## YOUR INSTRUCTIONS
The answer must be the full listing, word for word, with no pictures in it.

## EXERCISE DATA
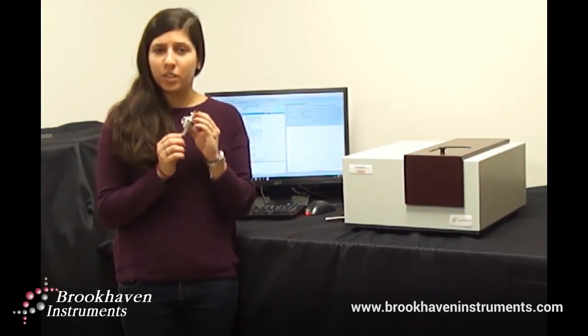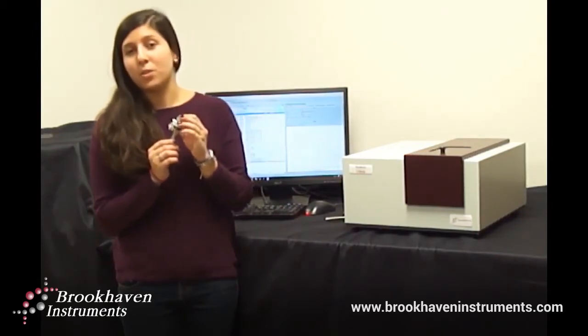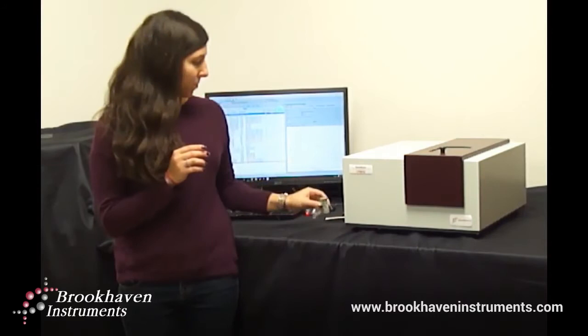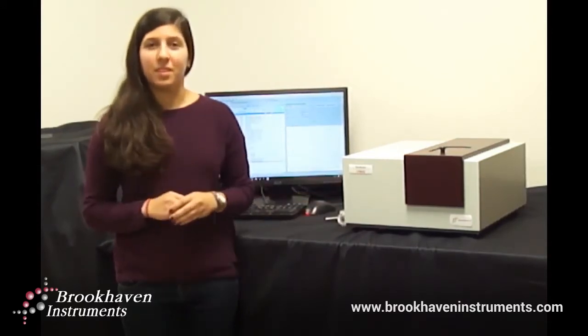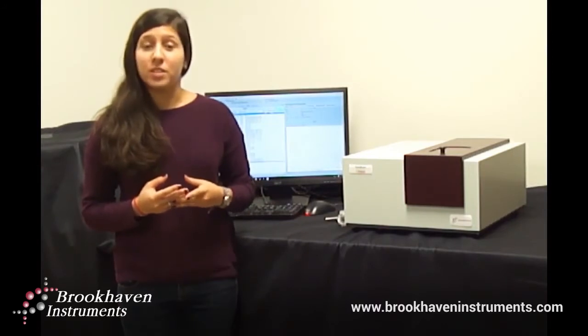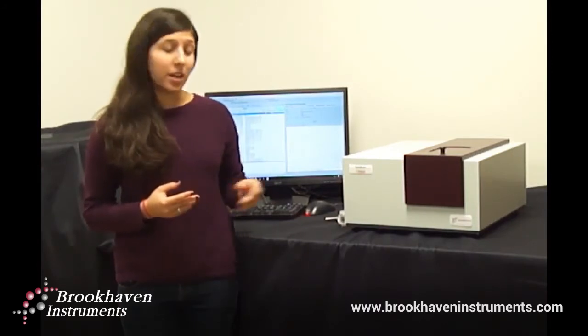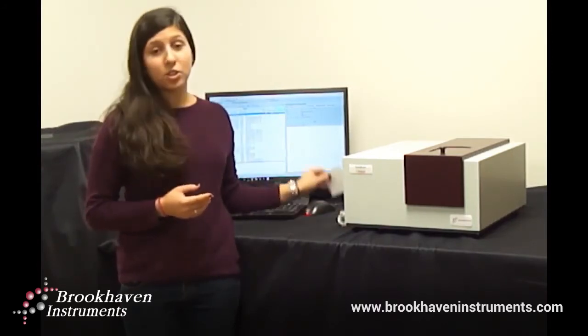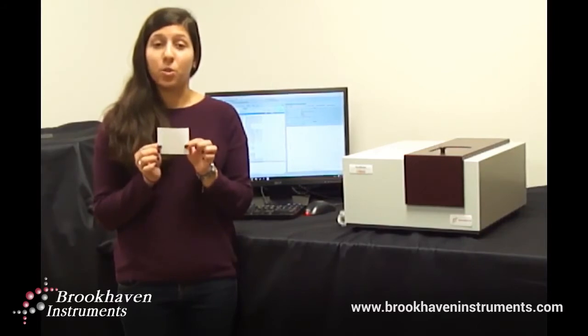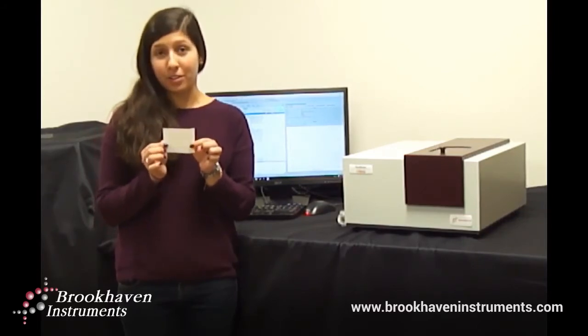Check out our surface zeta potential intro video to learn the basics about the measurement and the electrode. In the first example, we show how to measure surface zeta potential on a positively charged membrane we purchased from a well-known membrane supplier.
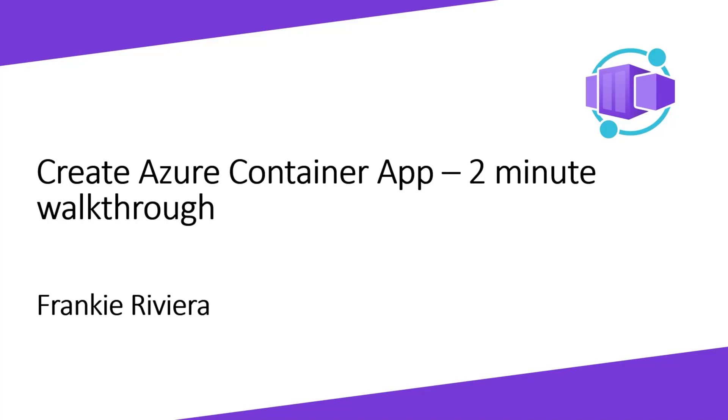Hi, it's Frankie. And in this video, I'm going to show you how easy it is to create an Azure Container App in two minutes.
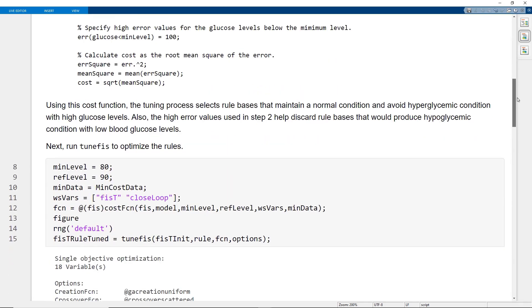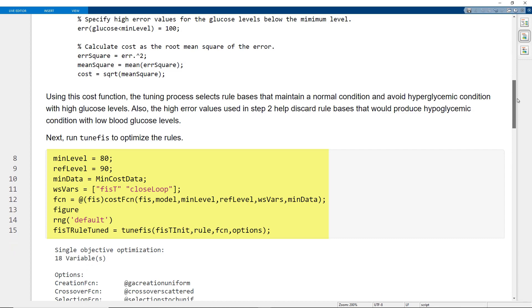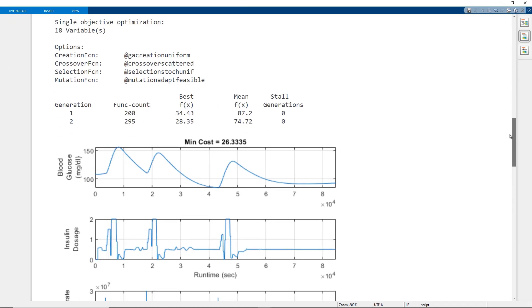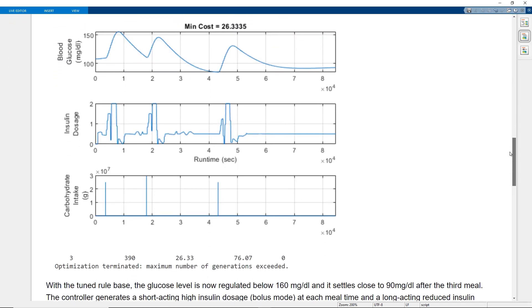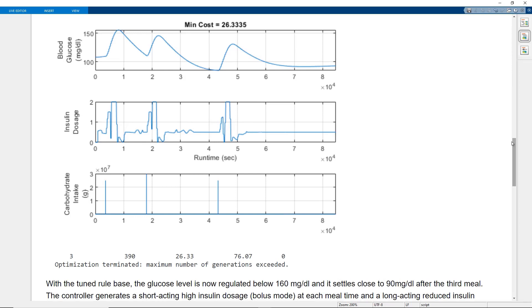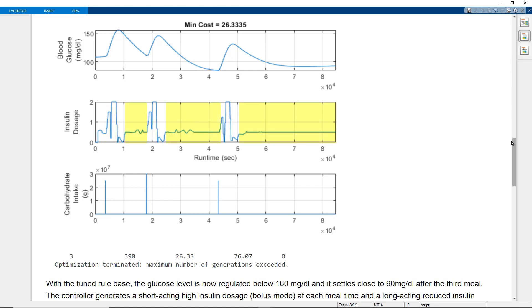Next, run T1Fizz function to optimize the rules. This plot shows the optimization results with the tuned rule basis. The glucose level is now regulated below 160 mg per deciliter and it settles close to 90 mg per deciliter after the third meal. The controller generates a short-acting high insulin dose at each mealtime and a long-acting reduced insulin dose during the fasting period.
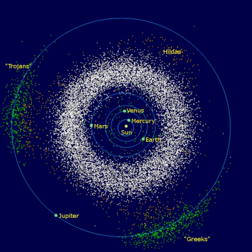Cybele asteroids have a mean orbital radius between 3.27 AU and 3.7 AU, an eccentricity less than 0.3, and an inclination less than 25 degrees. This group appears to cluster around the 7–4 resonance with Jupiter, and is named after 65 Cybele. Thule/Hilda asteroids have a mean orbital radius between 3.7 AU and 4.2 AU, an eccentricity greater than 0.07 AU, and an inclination less than 20 degrees; these asteroids are in a 3–2 resonance with Jupiter, named after 153 Hilda.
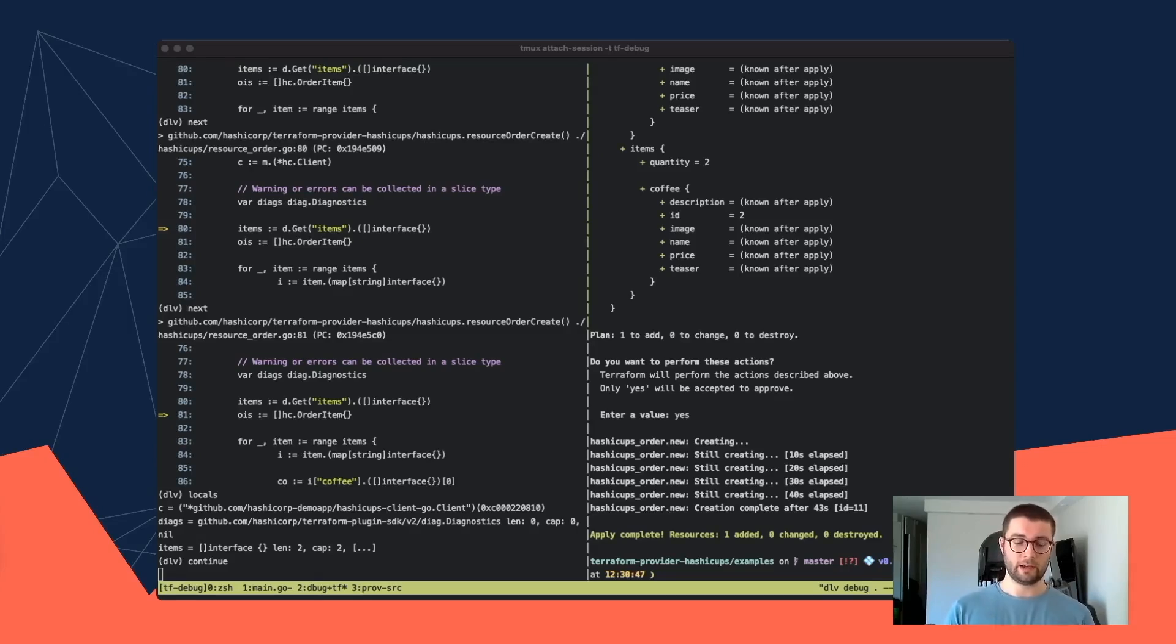So hopefully this tip has been useful. Please let me know if you have any questions or if you have your own tips for debugging Terraform providers. I would love to hear from you. Also, if you'd like me to write a more detailed blog post on this outlining each step a bit more clearly, then let me know and I'd be happy to do that.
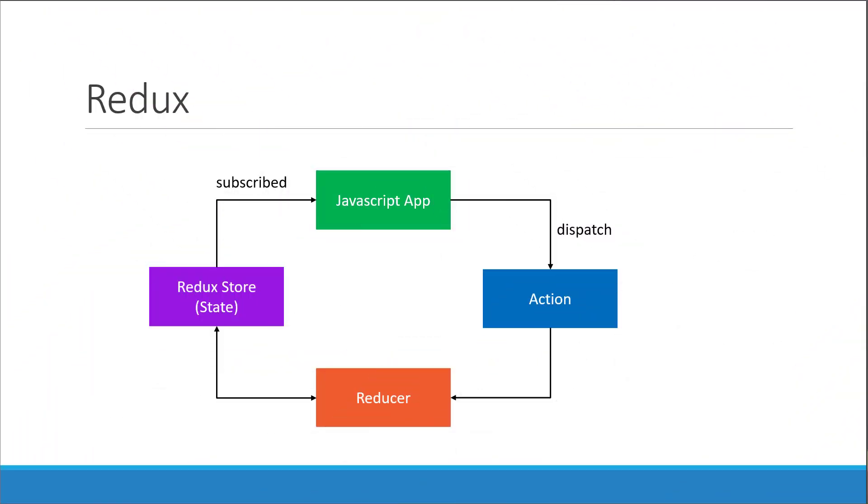So far we have our JavaScript application and the action. The next part to implement is the reducer.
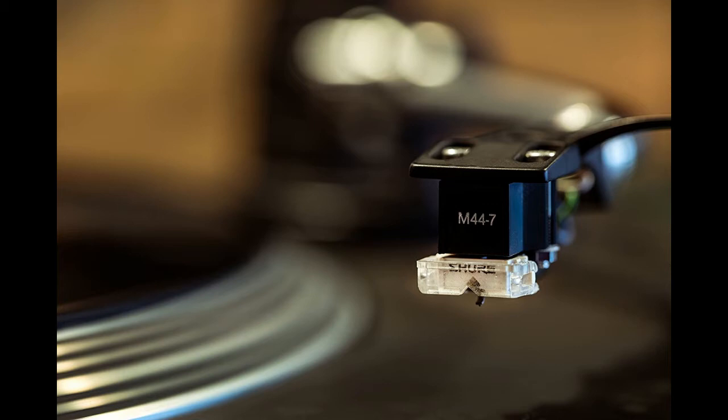It also has a 9.5 millivolts output, which makes it produce powerful, resonant sound. It is no surprise that this is the needle of choice for many champion DJs worldwide.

## SOLUTION TO THIS TASK
Check out our surface zeta potential intro video to learn the basics about the measurement and the electrode. In the first example, we show how to measure surface zeta potential on a positively charged membrane we purchased from a well-known membrane supplier.
Hi, it's Frankie. And in this video, I'm going to show you how easy it is to create an Azure Container App in two minutes.
Next, run T1Fizz function to optimize the rules. This plot shows the optimization results with the tuned rule basis. The glucose level is now regulated below 160 mg per deciliter and it settles close to 90 mg per deciliter after the third meal. The controller generates a short-acting high insulin dose at each mealtime and a long-acting reduced insulin dose during the fasting period.
Cybele asteroids have a mean orbital radius between 3.27 AU and 3.7 AU, an eccentricity less than 0.3, and an inclination less than 25 degrees. This group appears to cluster around the 7–4 resonance with Jupiter, and is named after 65 Cybele. Thule/Hilda asteroids have a mean orbital radius between 3.7 AU and 4.2 AU, an eccentricity greater than 0.07 AU, and an inclination less than 20 degrees; these asteroids are in a 3–2 resonance with Jupiter, named after 153 Hilda.
So hopefully this tip has been useful. Please let me know if you have any questions or if you have your own tips for debugging Terraform providers. I would love to hear from you. Also, if you'd like me to write a more detailed blog post on this outlining each step a bit more clearly, then let me know and I'd be happy to do that.
So far we have our JavaScript application and the action. The next part to implement is the reducer.
It also has a 9.5 millivolts output, which makes it produce powerful, resonant sound. It is no surprise that this is the needle of choice for many champion DJs worldwide.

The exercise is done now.